Github and Github Classroom Notes
Contents
Github and Github Classroom Notes#
UW Geospatial Data Analysis
CEE467/CEWA567
David Shean
These are a set of loosely organized notes, tips, tricks and gotchas for git and Github resources used during the course. Additional notes on initial setup and weekly workflow for students and instructors can be found in the Resources.
There are many good resources on git and Github on the web. See the 01_Shell_Github reading assignment and demo.
Additional UW eScience Hackweek resources on initial Github setup and navigation:
https://snowex-hackweek.github.io/website/preliminary/github.html
https://snowex-hackweek.github.io/website/preliminary/git.html
First time login#
Replace the following with your name and the email you used to create your Github account
git config --global user.name "Matt Damon"
git config --global user.email "email@example.com"
Authentication#
As of August 2021, Github disabled using passwords for remote command line access. We will use the more secure Personal Access Token (PAT) authentication option.
Create Personal Access Token (PAT)#
Follow the token “Classic” token instructions: https://docs.github.com/en/authentication/keeping-your-account-and-data-secure/creating-a-personal-access-token#creating-a-personal-access-token-classic
Step 6: Name the token “GDA Jupyterhub”
Step 7: Set expiration to “No Expiration”
Step 8: Check permission boxes for
repo
,workflow
anddelete_repo
Click “Generate”
Copy the token code provided and store in a safe location (e.g., password manager, keychain)
When using git on the course Jupyterhub, enter your token code when prompted to enter a Github password (e.g., when pushing to a remote repo)
NOTE: when you paste the code, it will be hidden and remain blank! Hit enter to accept after pasting
Store credentials#
So you don’t have to enter github username and PAT each time you pull or push to a remote repo
Permanently#
Run this once:
git config --global credential.helper store
You may receive a warning about loose permissions the first time you
git pull
. To prevent this:
chmod 0700 /home/jovyan/.cache/git/credential
Enter credentials one additional time:
git pull
(Should prompt for username)[Enter username and PAT]

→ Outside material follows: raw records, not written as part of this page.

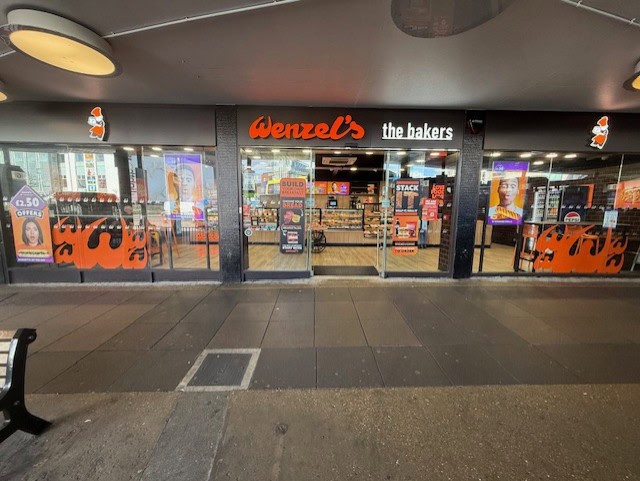 Poole Bakery storefront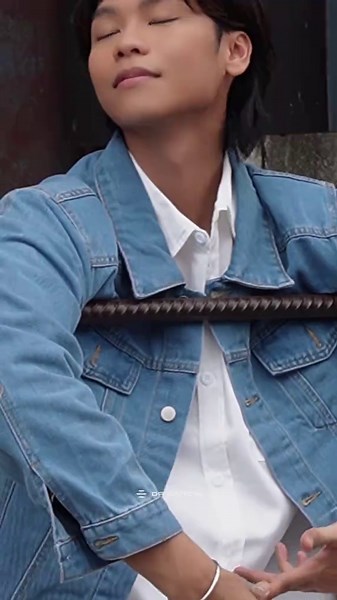 Dr. Cardin Sneakers: Stylish Footwear for Everyone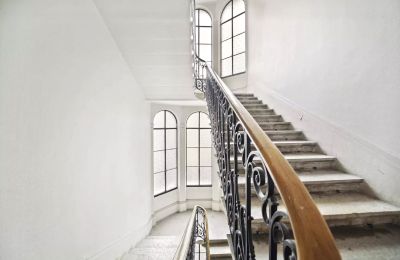 Apartament w zabytkowym budynku na sprzedaż Lyon, Lyon 2e Arrondissement, Place Bellecour, Auvergne-Rhône-Alpes, Schody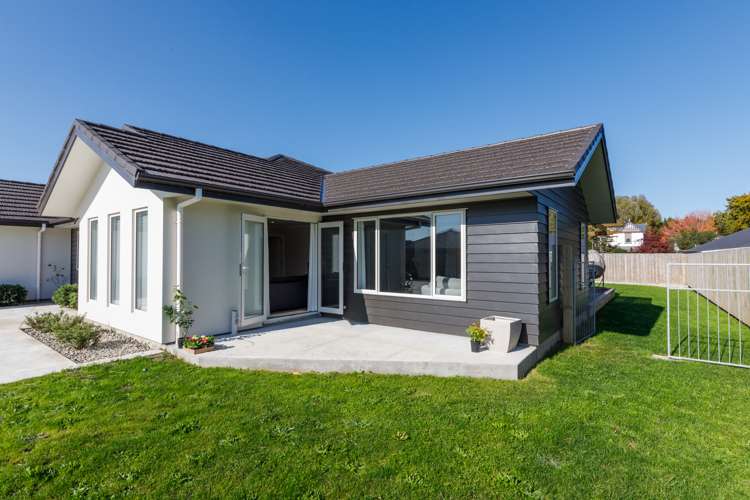5 Mahi Grove Feilding_24
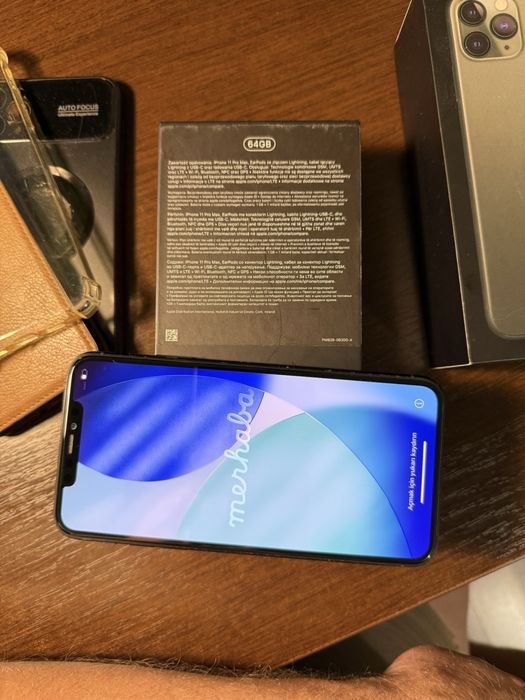 Iphone 11 pro max + apple watch 4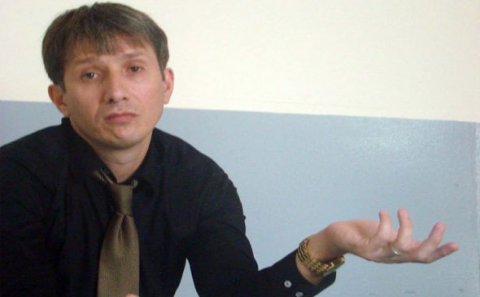 Əlimdə imkan olsaydı, başqa ölkədə yaşayardım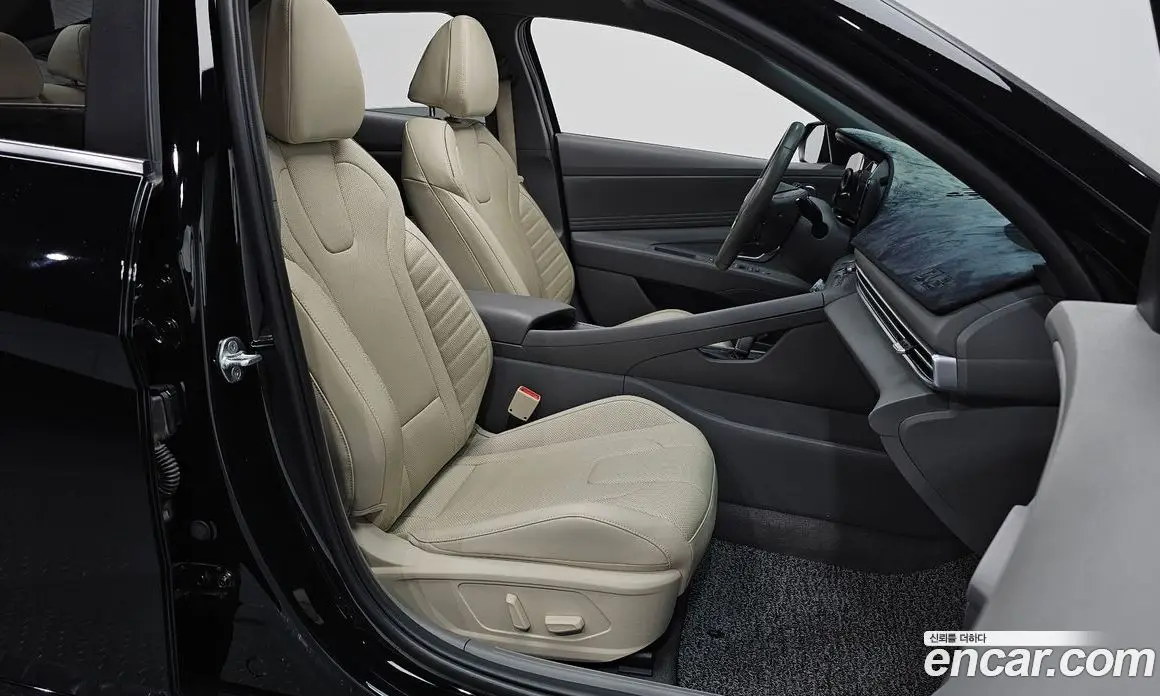 Hyundai Avante 2022 1.6 автомат (гидро), фото 17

The next time you run a git command requiring remote origin, no username/password required!
git pull
(Should say “Already up to date.”)
Store credentials for 15 minutes (900 seconds) without reauthenticating#
git config --global credential.helper 'cache --timeout=900'
Two-factor authentication (2FA)#
In past years, enabling 2FA led to issues with authentication using the terminal on the course Jupyterhub. This may be resolved with updated PAT authentication requirements.
Should be disabled by default (for new accounts)

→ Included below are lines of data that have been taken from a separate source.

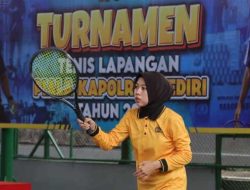 Final Turnamen Tenis Lapangan Piala Kapolres Kediri 2026 Berlangsung Meriah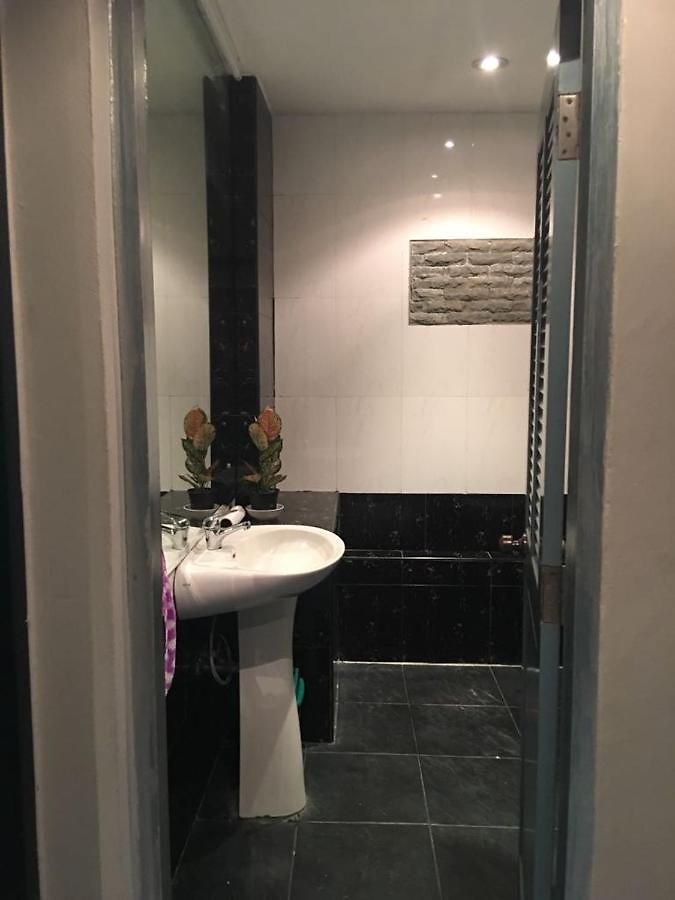 3 Bedrooms Private House In Thappraya บ้านพัก Pattaya
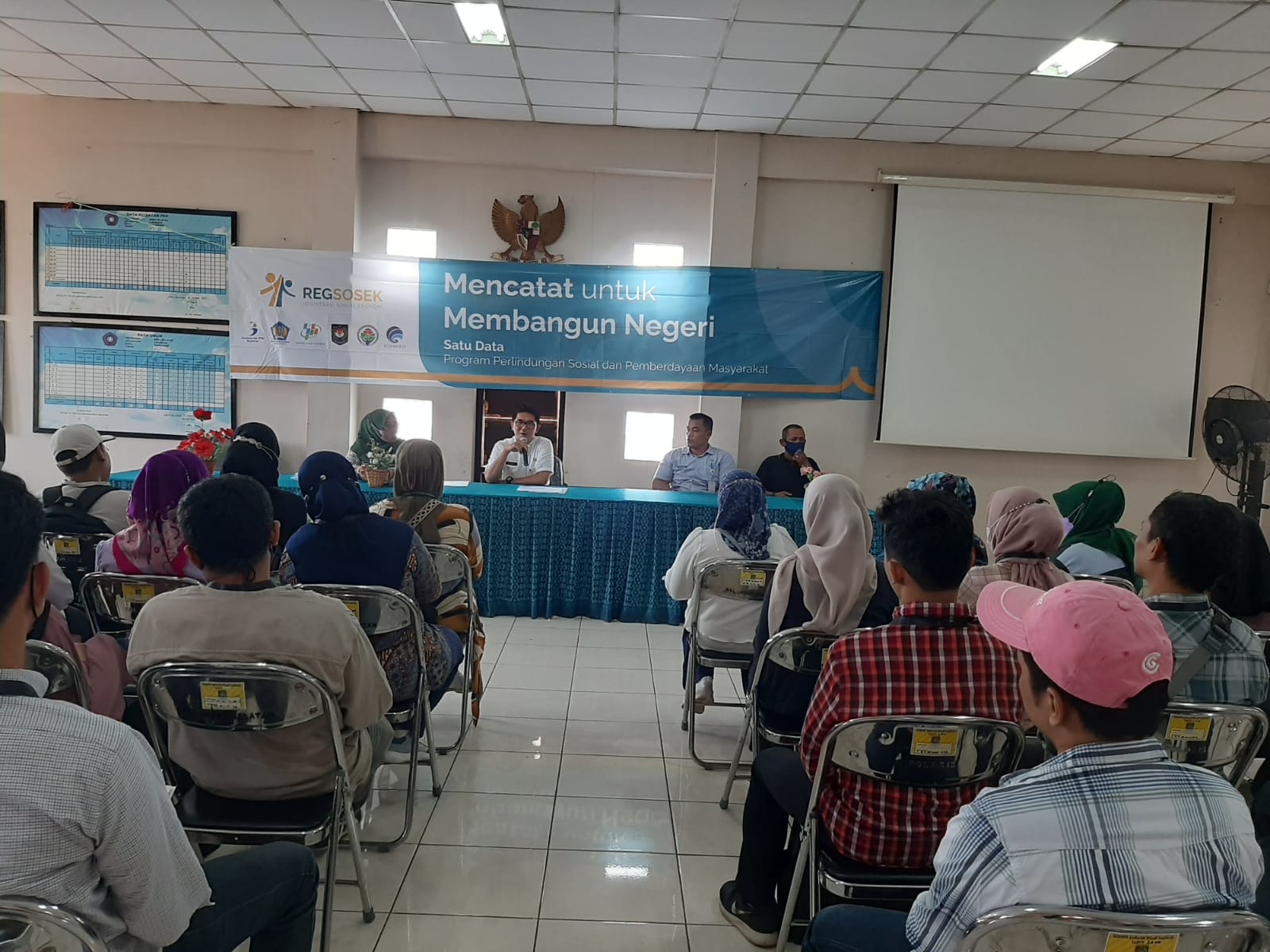 MENGHADIRI ACARA PEMBUKAAN SENSUS REGSOSEK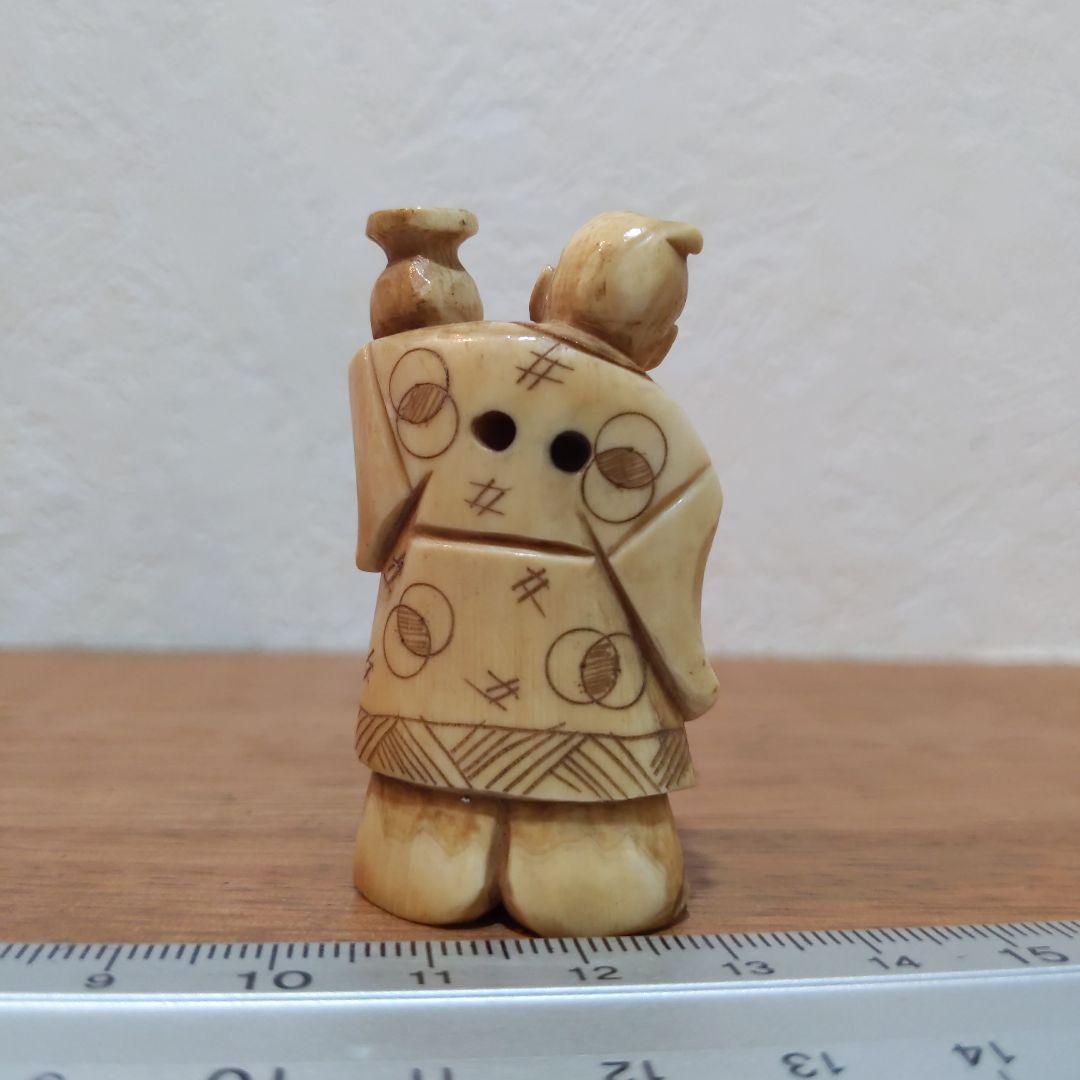 時代提げ物 人物根付 天然素材 在銘【酒器持つ翁】高さ約5.2cm 重さ約19ｇ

If you’re using an existing Github account and previously enabled two-factor authentication, you may need to disable
Git workflows#
Clone remote repository#
Open repository webpage
Click big green “Code” button
Select HTTPS and copy link
On course Jupyterhub, open a terminal
Navigate to the directory containing assignments (
cd labs
)
git clone [paste https link]
cd [repo name]
Basic with remote#
git pull
git add myfile.py
git commit -m 'Added myfile.py'
git push
Basic branching (local)#
https://git-scm.com/book/en/v2/Git-Branching-Basic-Branching-and-Merging
git checkout -b newbranch
git add updated_file.py
git commit -m 'Fixed typo in updated_file.py'
git checkout main
git merge newbranch
git checkout -d newbranch
Jupyterbook#
There is a rendered version of the Jupyterbook on the course website: https://uwgda-jupyterbook.readthedocs.io. These html pages are automatically generated from the content (mostly markdown files and Jupyter notebooks) in a Github repository: https://github.com/UW-GDA/jupyterbook. The notebooks can be explored interactively, but you will need a local copy on the hub.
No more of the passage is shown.